Currency Update - Thursday 9th April 2020
AUD
We head into Easter with a firmer AUD thanks to renewed market
optimism continuing to shore up risk assets. Other risk assets like global
equities were firmer across the overboard, encouraged by the prospect of
further stimulus from the US along with reports that the OPEC emergency meeting
may deliver a 10m barrel per day supply cut, helping oil lift 11%. The AUD
found bidders across the majors, breaking out higher against important
resistance levels that had been unsuccessfully tested earlier in the week. Ahead
today we have the RBA Financial Stability Review which normally is of moderate
impact however given the current climate and how little we currently know about
virus-related impacts on Australia’s economy it will likely be paid more
heed.
USD
The AUD has broken out higher against the US lifting to 0.6237
at time of writing - the highest we’ve seen since the middle of March. Markets
are finding confidence in the response by central banks and the flattening of
the infection curve in several major epicentres.

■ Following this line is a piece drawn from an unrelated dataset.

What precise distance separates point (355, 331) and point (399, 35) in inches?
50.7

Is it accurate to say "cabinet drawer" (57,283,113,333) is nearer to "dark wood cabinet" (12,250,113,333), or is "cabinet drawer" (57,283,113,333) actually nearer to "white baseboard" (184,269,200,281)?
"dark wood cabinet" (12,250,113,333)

Bids are coming in thick and
fast for risk assets around the world. The S&P and Dow Jones were both up
3.5%, adding to recent gains while US yields and the US Dollar Index remained
fairly stable. All eyes will be on the next round of US initial jobless claims
for the week ending on the 4th of April, set to come out this evening. The last
two weeks have seen a staggering 10m total claims be processed, blowing away
the previous 2 week record of 1.4m. The expectation is an additional 5m
unemployment claims tonight, however given the massively overloaded submission
systems in several states there may be a considerable backlog that means this
could be the largest submission since the pandemic began. Expect to see some
turbulence for the AUD if the jobless claims exceed expectations, or even
worse, exceed the previous week’s record of 6.65m.
EUR
AUD continues to bank steady gains against EUR, markets trading
the pair at 0.5740 at time of writing. While risk has been heavily bid, the EUR
has had a more tepid response to the lift in market sentiment than the AUD. A
german think tank announced that they expected Q2 GDP in Germany to contract by
almost 10% with 2020 to fall by 4.2% before recovering in 2021. This is largely
in line with what many economists are expecting for most countries around the
world (with the expectation that the lockdowns will not continue indefinitely
and will instead be eased sooner rather than later). Euro equities reflected
the bleaker picture which were heavy throughout the session, opening with
losses of around 1.5%. No other data to report.
GBP
The AUD is back above 0.50 for the second tie this
week, markets are trading the pair at 0.5033 at time of writing. The UK is
struggling after another sharp rise in confirmed cases as well as deaths with
hundreds more expected for the remainder of the week which is weighing on the
Pound. UK GDP is due for release tonight.
NZD
AUDNZD continues to march higher with the pair now being traded
at 1.0365 at time of writing. Australia’s confirmed cases remain low and the
pandemic appears under the control and with China’s resumption of trade
there is a growing economic argument for the resource rich AUD.